It has emitters for different languages. Maybe one of the parse gurus 
here can take a look if we can do a REBOL emitter.
IMO that would be really nice.
JoshF
17-Nov-2009
[4579x4]
Hi! I'm trying to use REBOL's parse to make a simple calculator dialect. 
However, I'm having trouble with escaping entities (I think)...  
Here's my first try (that worked):
>> parse [3 + 2] [some [integer! (print "number") | ['+ | '- ] (print 
"op")]]
number
op
number
== true
>> parse [3 - 2] [some [integer! (print "number") | ['+ | '- | '* 
| '/ ] (print "op")]]
** Syntax Error: Invalid word-lit -- '

** Near: (line 1) parse [3 - 2] [some [integer! (print "number") 
| ['+ | '- | '* | '/
 ] (print "op")]]
The second one failed when I tried to extend the dialect with multiply 
(*) and divide (/). After further experimentation, it seems that 
you can't escape the "/". Google has not been helpful here... Does 
anybody have any ideas?
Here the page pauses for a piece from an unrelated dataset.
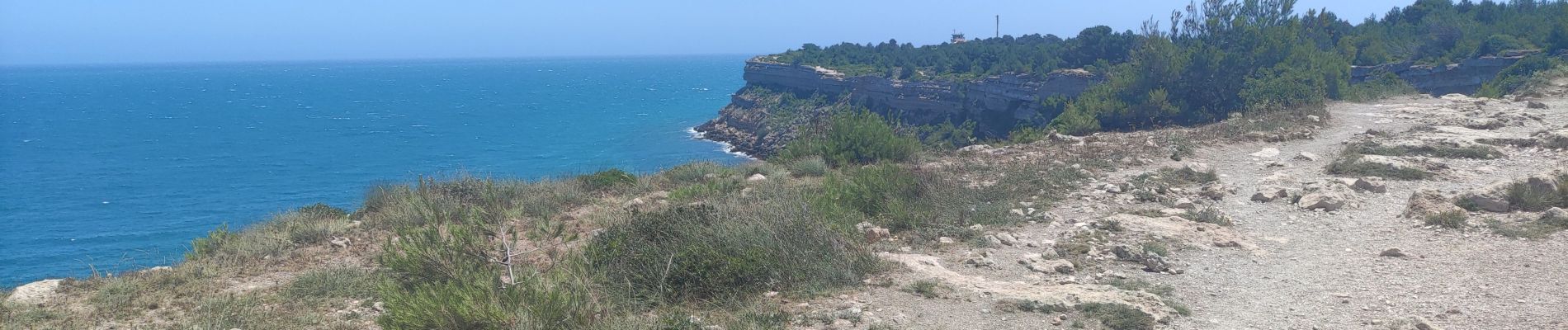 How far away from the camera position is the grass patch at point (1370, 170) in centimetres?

I could parse for just a word! instead of 
the +, -, etc., but I wanted parse to do the work of deciding what 
was a valid operation or not. Sorry for the multiple messages, I'm 
still trying to figure this client out... Thanks for any advice!
Ladislav
17-Nov-2009
[4583]
JoshF: Rebol load does not parse the '/, but you can do:

as-lit-word: func ['word [any-word!]] [to lit-word! word]
lit-div: as-lit-word /

parse [3 - 2] [some [integer! (print "number") | ['+ | '- | '* | 
lit-div] (print "op")]]
JoshF
17-Nov-2009
[4584x2]
Ha! Black magic! That works a champ Ladislav, thanks very much!  
I had tried 
>> tdiv: to-word "/"
== /

>> parse [3 / 2] [some [integer! (print "number") | ['+ | '- | '* 
| tdiv ] (print "op
)]]
But had gotten the same error. What makes yours work?
Both tdiv and lit-div type? to a word!...
Ladislav
17-Nov-2009
[4586x2]
My example works, since the LIT-DIV variable refers to a lit-word, 
while your tdiv refers to a word
check as follows:

type? :lit-div
type? :tdiv